What the exercise asks |
All of these records need to be duplicated exactly.

Short web captions |
::::

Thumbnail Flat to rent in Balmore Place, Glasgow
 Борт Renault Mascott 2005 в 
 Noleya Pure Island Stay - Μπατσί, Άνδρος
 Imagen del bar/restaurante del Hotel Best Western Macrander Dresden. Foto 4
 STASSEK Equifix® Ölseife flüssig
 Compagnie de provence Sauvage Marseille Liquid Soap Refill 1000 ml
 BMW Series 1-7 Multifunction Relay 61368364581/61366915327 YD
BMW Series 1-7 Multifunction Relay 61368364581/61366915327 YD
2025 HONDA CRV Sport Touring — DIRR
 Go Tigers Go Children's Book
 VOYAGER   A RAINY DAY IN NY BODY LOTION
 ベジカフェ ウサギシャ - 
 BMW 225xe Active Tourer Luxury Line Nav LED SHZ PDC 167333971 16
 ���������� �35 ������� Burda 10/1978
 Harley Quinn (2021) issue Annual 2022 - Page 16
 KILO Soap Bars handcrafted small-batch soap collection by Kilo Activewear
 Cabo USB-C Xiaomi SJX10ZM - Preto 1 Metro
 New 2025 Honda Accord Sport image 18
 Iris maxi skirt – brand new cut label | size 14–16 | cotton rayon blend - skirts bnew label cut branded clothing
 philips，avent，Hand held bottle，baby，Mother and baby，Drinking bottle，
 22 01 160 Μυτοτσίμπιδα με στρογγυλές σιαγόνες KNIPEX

::::

Task response |
Thumbnail Flat to rent in Balmore Place, Glasgow
 Борт Renault Mascott 2005 в 
 Noleya Pure Island Stay - Μπατσί, Άνδρος
 Imagen del bar/restaurante del Hotel Best Western Macrander Dresden. Foto 4
 STASSEK Equifix® Ölseife flüssig
 Compagnie de provence Sauvage Marseille Liquid Soap Refill 1000 ml
 BMW Series 1-7 Multifunction Relay 61368364581/61366915327 YD
BMW Series 1-7 Multifunction Relay 61368364581/61366915327 YD
2025 HONDA CRV Sport Touring — DIRR
 Go Tigers Go Children's Book
 VOYAGER   A RAINY DAY IN NY BODY LOTION
 ベジカフェ ウサギシャ - 
 BMW 225xe Active Tourer Luxury Line Nav LED SHZ PDC 167333971 16
 ���������� �35 ������� Burda 10/1978
 Harley Quinn (2021) issue Annual 2022 - Page 16
 KILO Soap Bars handcrafted small-batch soap collection by Kilo Activewear
 Cabo USB-C Xiaomi SJX10ZM - Preto 1 Metro
 New 2025 Honda Accord Sport image 18
 Iris maxi skirt – brand new cut label | size 14–16 | cotton rayon blend - skirts bnew label cut branded clothing
 philips，avent，Hand held bottle，baby，Mother and baby，Drinking bottle，
 22 01 160 Μυτοτσίμπιδα με στρογγυλές σιαγόνες KNIPEX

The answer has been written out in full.